» TASK DIRECTIONS: Within the listing, each line that has the string "unit" should be copied.

» SUPPLIED MATERIAL:

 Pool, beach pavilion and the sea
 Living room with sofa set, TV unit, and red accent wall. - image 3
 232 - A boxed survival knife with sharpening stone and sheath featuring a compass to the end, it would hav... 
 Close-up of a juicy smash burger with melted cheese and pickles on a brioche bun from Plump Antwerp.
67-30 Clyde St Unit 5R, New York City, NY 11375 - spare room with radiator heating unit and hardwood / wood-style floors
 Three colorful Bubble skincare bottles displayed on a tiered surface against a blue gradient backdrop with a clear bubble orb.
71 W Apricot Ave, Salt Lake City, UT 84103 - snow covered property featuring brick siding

==

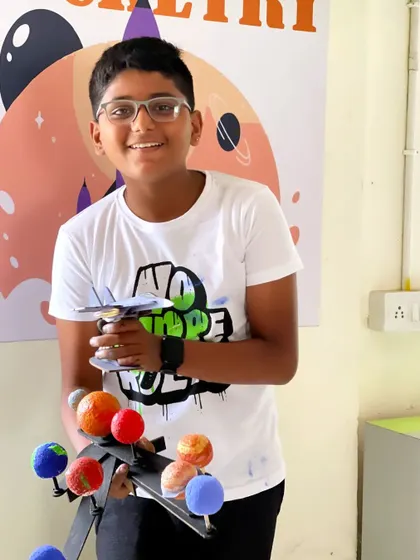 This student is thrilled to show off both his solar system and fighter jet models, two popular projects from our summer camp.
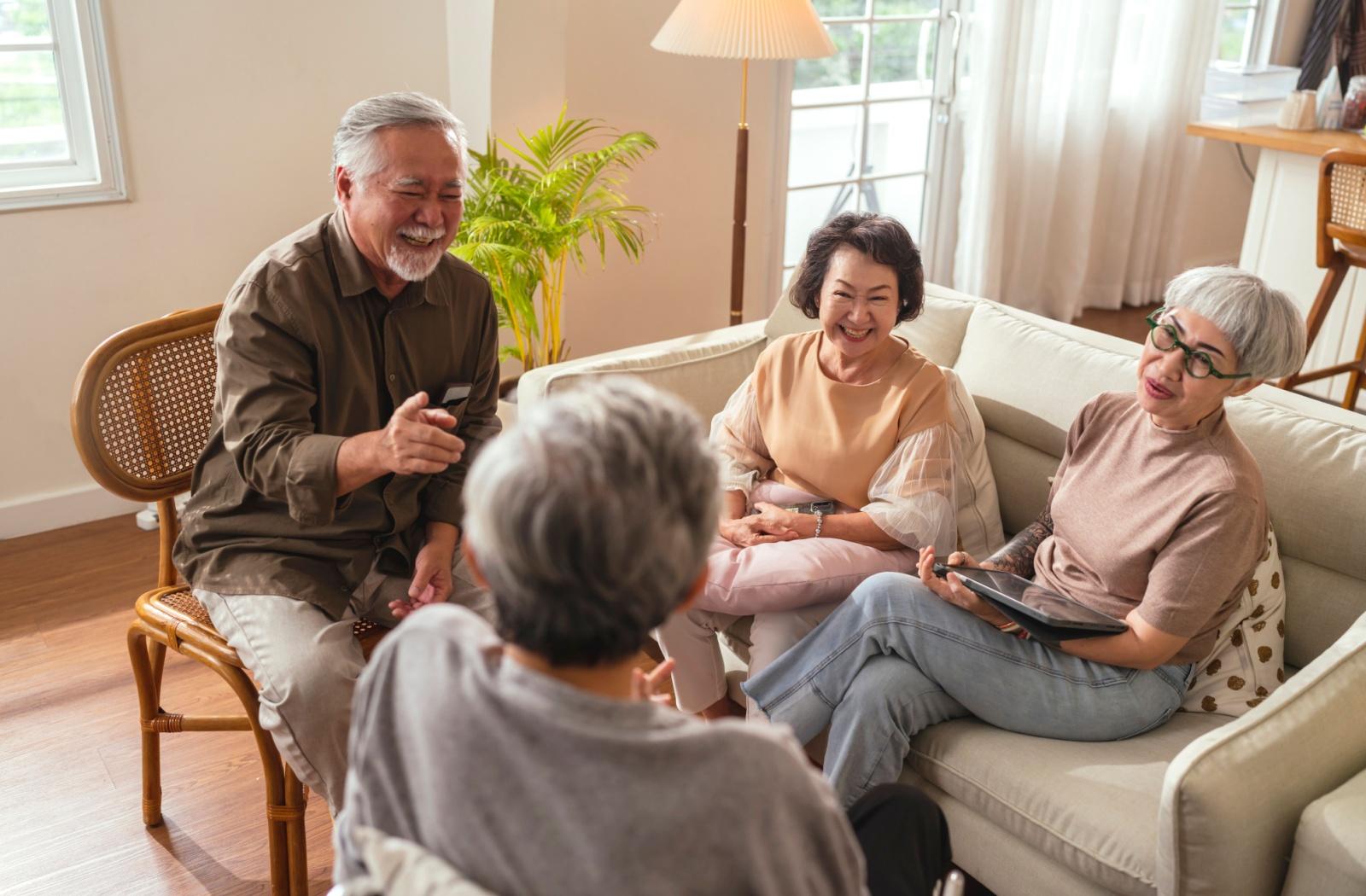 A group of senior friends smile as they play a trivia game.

---

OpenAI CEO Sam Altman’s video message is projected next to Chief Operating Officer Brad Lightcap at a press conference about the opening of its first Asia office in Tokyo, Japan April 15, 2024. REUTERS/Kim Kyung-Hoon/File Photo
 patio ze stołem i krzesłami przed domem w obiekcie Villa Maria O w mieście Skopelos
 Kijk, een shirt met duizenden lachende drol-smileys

» RESPONSE FOR THIS EXERCISE:
 Living room with sofa set, TV unit, and red accent wall. - image 3
67-30 Clyde St Unit 5R, New York City, NY 11375 - spare room with radiator heating unit and hardwood / wood-style floors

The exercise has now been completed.